La suite de ce procès est prévue le 26 février 2025. Sauf cas de force majeure, l’ancien DG entamera sa défense sur les accusations pour lesquelles il est poursuivi en coaction ou en complicité avec quatre de ses anciens collaborateurs dont deux sont déclarés en fuite. Rappelons que dans cette procédure judiciaire, la partie accusatrice n’a présenté aucun témoin. Les inspecteurs d’État, auteurs du rapport d’audit à l’origine de l’affaire, après avoir témoigné devant le juge d’instruction, n’ont jamais accepté de participer à la recherche de la vérité devant le tribunal. Ce qui soulève un doute sur leurs propres convictions par rapport à leurs écrits.
Me Alima : «Quel est le message que Sonara adresse au TCS ?»
«Nous avons reçu de la Sonara, le 13 septembre 2024, une correspondance datée du 5 septembre à travers laquelle elle nous transmettait 5 pièces relatives au volet Mission Laïque Française. Le dernier paragraphe de cette correspondance informe que la Sonara ne retrouve pas dans ses archives tous les autres documents sollicités pour la défense de mon client.

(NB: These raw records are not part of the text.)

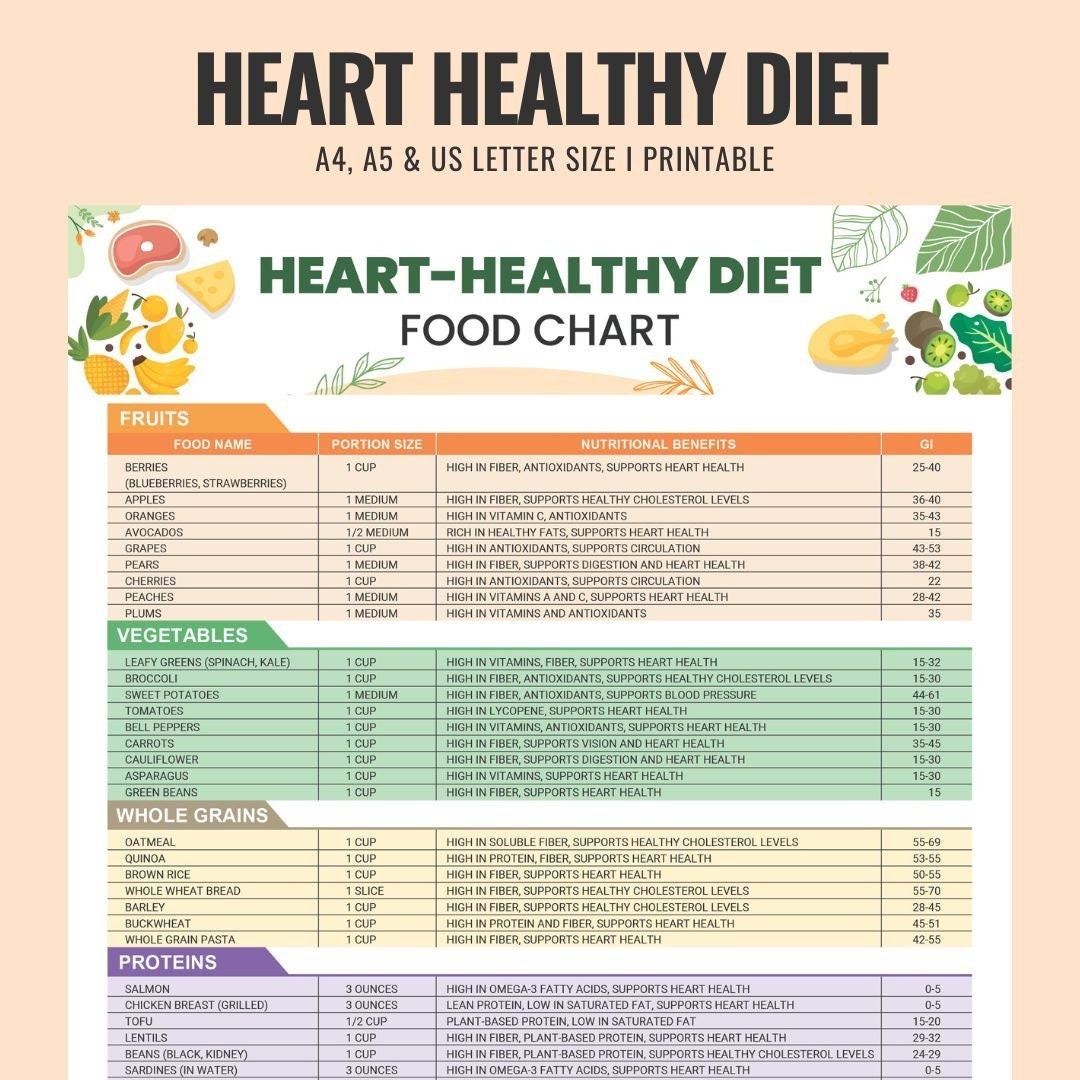Heart Healthy Diet, Heart Health, Heart Disease, Food List intended for Printable Heart Healthy Grocery List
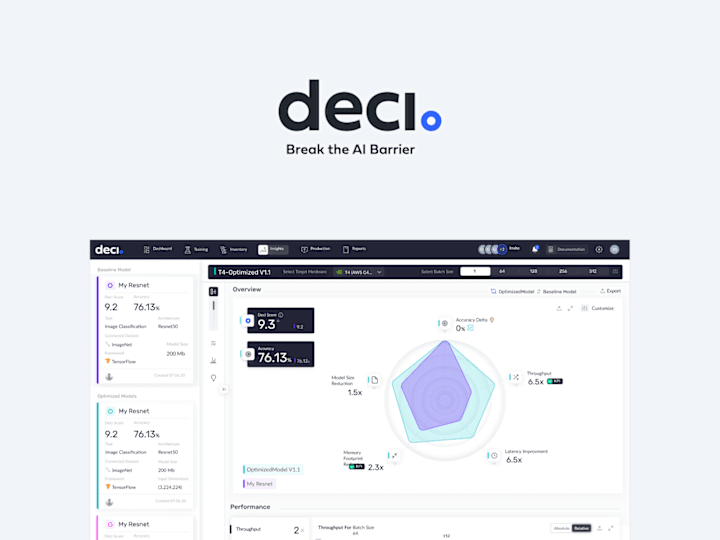 Cover image for UX Strategy and MVP development for Deci AI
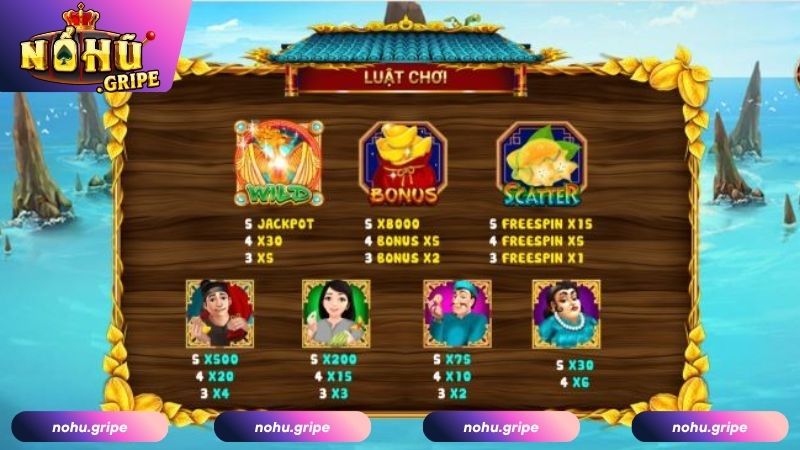 Luật chơi Ăn Khế Trả Vàng Slot tại Nohu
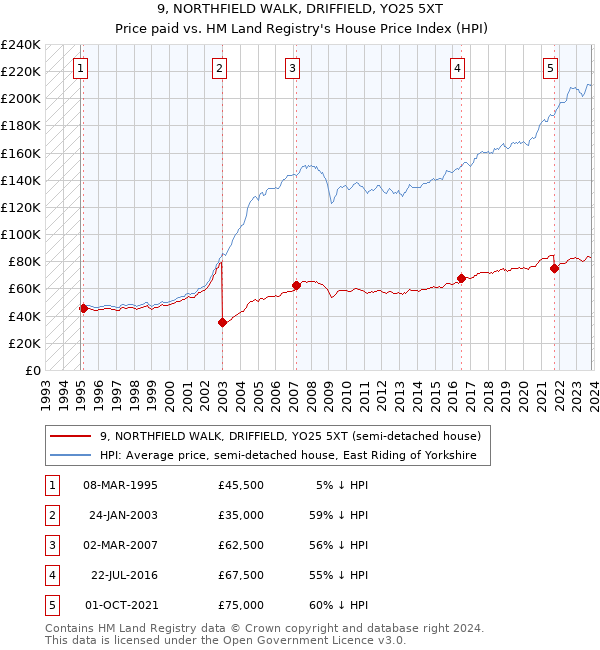 9, NORTHFIELD WALK, DRIFFIELD, YO25 5XT: Price paid vs HM Land Registry's House Price Index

Je voudrais rappeler que c’est depuis le 13 juin 2023, soit bien avant le début de l’audition de mon client, que la Sonara avait reçu notre courrier et les photocopies des pièces, à peu près 159 au total, dont nous sollicitions la certification pour leur usage dans le cadre de la défense de M. Metouck. C’est seulement le 16 mars 2024 que la Sonara nous a adressé 19 pièces. A l’audience du 16 mai 2024, il a été observé que la certification n’était pas conforme. Le tribunal a ainsi décidé que ces pièces soient retournées à la Sonara pour corriger les manquements constatés.
Un courrier a été adressé à la Sonara le 23 mai 2024, dans lequel étaient répercutées les instructions du tribunal pour la régularisation des pièces en même temps qu’on relançait la Sonara sur les autres pièces qui n’étaient pas toujours certifiées. A l’audience du 3 juillet 2024, ce problème n’était pas toujours réglé et le tribunal nous a demandé d’adresser une nouvelle correspondance à la Sonara. Ce qui a été fait le 22 juillet 2024. C’est le 13 septembre 2024 que nous avons reçu la dernière requête qui clôt le débat
M. le président, l’ordonnance de renvoi comporte 46 points dont 27 concernent M. Metouck tout seul et 19 pour lesquels il est poursuivi en complicité ou en coaction pour un montant total de plus de 60 milliards de francs. Ceux qui comparaissent devant vous risquent gros. C’est pourquoi nous avons sollicité la Sonara pour la certification des pièces. Nous allons poursuivre avec son audition, mais nous serons butés au problème des pièces. Le législateur n’a jamais pensé qu’une partie civile peut être de mauvaise foi.
Au moment de poursuivre l’audition, qu’allons-nous faire ? Même les PV des conseils d’administration de la Sonara ne sont pas présentés alors qu’il est accusé de s’être octroyé d’autorité des salaires… Les copies des contrats d’achat de brut 2007, 2008, 2009 et 2010, retrouvés en machine à la Sonara, n’ont pas été certifiées. L’attention du tribunal est appelée par rapport à cette situation.»